Джод вернулся и снова полез наверх, и Танзи прислонилась к лестнице, придерживая ее.
– Вы действительно считаете, что отцу стало хуже? – спросила она прерывающимся голосом. – И что он может… не поправиться?
– Доктор Лей сомневается. И что мы тогда будем делать? Ведь половина наших клиентов теперь в «Короне».
Танзи смотрела ей вслед, когда она входила в дом, и не могла понять, как можно думать о деньгах и клиентах, когда твой любимый муж болен, и жизнь его висит на волоске. И тут она вспомнила про монеты, которые лежали у нее в кармане. Они могли бы помочь пережить трудное время, но скорее всего будут потрачены на какие-нибудь безделушки для мачехи и не принесут никакой пользы отцу. Как и она, он стал бы больше беспокоиться о новой вывеске, чем о деньгах.
– Бедняга, ей здорово досталось! – сказал Джод, выбивая последние болты, на которых держалась вывеска.
Танзи протянула руки так, словно в них должны были положить новорожденного, а это был всего лишь кусочек дерева. Они вместе рассматривали искалеченную, поцарапанную вывеску с отбитой краской – свидетельство человеческой злобы, потом посмотрела вверх на бесполезный теперь ржавый железный крюк, придававший их дому вид покинутого всеми жилища.
Стоя на улице с вывеской на руках, Танзи неожиданно поняла, как она распорядится деньгами, которые лежали у нее в кармане.
– Ступай к кузнецу на Канк стрит и приведи лошадь, которую мистер Худ купил у него. Поставь ее в то стойло, которое ближе всех к воротам на Лейн стрит, да посмотри, чтобы ее накормили, как следует. Если тебя кто-нибудь спросит про нее, скажи, что мы приютили ее на время по просьбе мистера Худа. На самом деле, Джод, она для того раненого молодого человека. Я найду какую-нибудь старую отцовскую одежду и приготовлю ему сумку с едой. Как только стемнеет, покажи ему дорогу через Южные ворота на Лондон. И не забудь закрыть их за ним получше.

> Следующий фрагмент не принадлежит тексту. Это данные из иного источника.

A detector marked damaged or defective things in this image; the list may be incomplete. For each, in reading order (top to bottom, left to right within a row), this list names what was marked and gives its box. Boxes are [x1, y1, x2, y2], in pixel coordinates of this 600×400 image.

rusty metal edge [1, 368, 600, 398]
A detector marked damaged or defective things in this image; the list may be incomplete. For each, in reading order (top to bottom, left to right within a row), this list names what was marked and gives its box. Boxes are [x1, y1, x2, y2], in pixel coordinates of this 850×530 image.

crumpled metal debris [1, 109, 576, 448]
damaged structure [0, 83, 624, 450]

– Чем скорее он уйдет, тем лучше, – проворчал Джод. – А то этот Диггони сует свой длинный нос, куда не надо.
У нее еще будет время повидать отца и поговорить с ним перед сном. Она вошла вместе с Джодом во двор и поставила вывеску в сарае возле стены. Тихо окликнув Дикона, она стала подниматься по лестнице на сеновал. Несмотря на мрачное настроение, она почувствовала себя гораздо лучше, когда увидела с какой радостью он встречает ее.
– Посмотрите, я уже могу ходить, – сказал он. – Я тренируюсь, хожу взад и вперед. Мне не следует больше обременять вас. Пора возвращаться в Лондон.

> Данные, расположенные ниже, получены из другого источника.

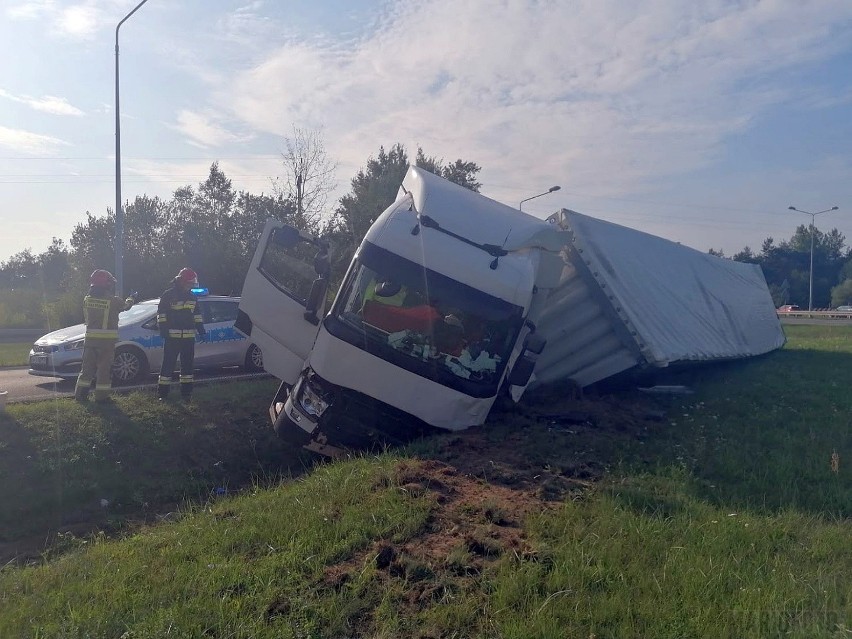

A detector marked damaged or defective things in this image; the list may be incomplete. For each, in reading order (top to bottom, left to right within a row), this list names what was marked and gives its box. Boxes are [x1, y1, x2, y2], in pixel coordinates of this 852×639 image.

damaged truck cab [235, 166, 564, 456]
overturned white truck [235, 166, 784, 456]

– Не далеко же вы уйдете с такой ногой, – ответила Танзи, огорченная тем, что он так откровенно радуется возможности уйти. – Но Том Худ нашел для вас лошадь.
– Нашел лошадь?
– После Босворта на всех дорогах полно лошадей без всадников, – повторила она то, что сказал ей Том.
– Да, думаю, что их действительно должно быть немало. После той бойни, которую я видел, это вполне естественно. Но все равно, лошадь стоит каких-то денег. И пойманную лошадь можно продать.

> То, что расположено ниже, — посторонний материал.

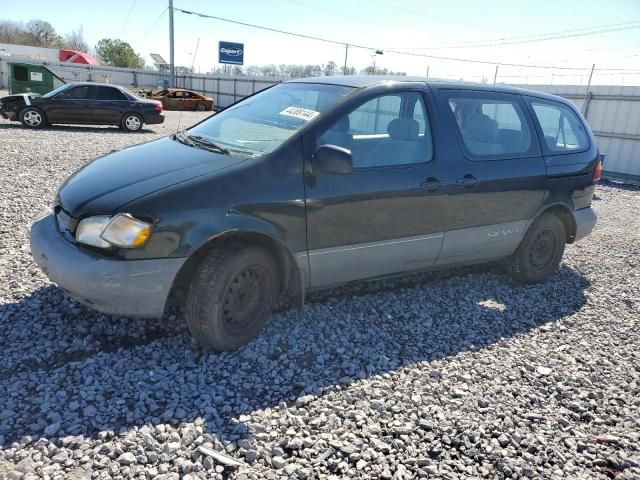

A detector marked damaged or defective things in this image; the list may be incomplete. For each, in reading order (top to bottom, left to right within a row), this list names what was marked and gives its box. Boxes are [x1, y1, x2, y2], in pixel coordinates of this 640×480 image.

rusted vehicle [148, 87, 215, 111]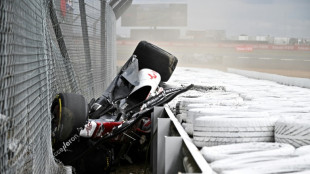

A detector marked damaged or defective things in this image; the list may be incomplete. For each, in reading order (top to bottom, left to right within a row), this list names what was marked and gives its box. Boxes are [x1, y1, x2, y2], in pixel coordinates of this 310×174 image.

crashed race car [50, 41, 191, 174]
overturned formula one car [50, 41, 191, 174]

– А вдруг это именно та лошадь, которую вы потеряли?! Тогда вы имеете на нее все права! – рассмеялась Танзи.
– Кому придет в голову дарить мне лошадь? Ведь у меня нет денег!
– Поверьте мне, Том не обеднеет.
– Он что, такой богатый?
– Нет, не думаю. Но он из тех, о которых здесь говорят, – «идет в гору». Он имеет собственное дело, очень предприимчив и не теряет времени даром.
– Не такой бездеятельный мечтатель, как я.
Танзи слышалось, что Дикон произнес эти слова с завистью, и она обрадовалась, когда он заметил внизу, у стены, вывеску.
– Похоже, что они снова забросали ее камнями. Я слышал страшный грохот.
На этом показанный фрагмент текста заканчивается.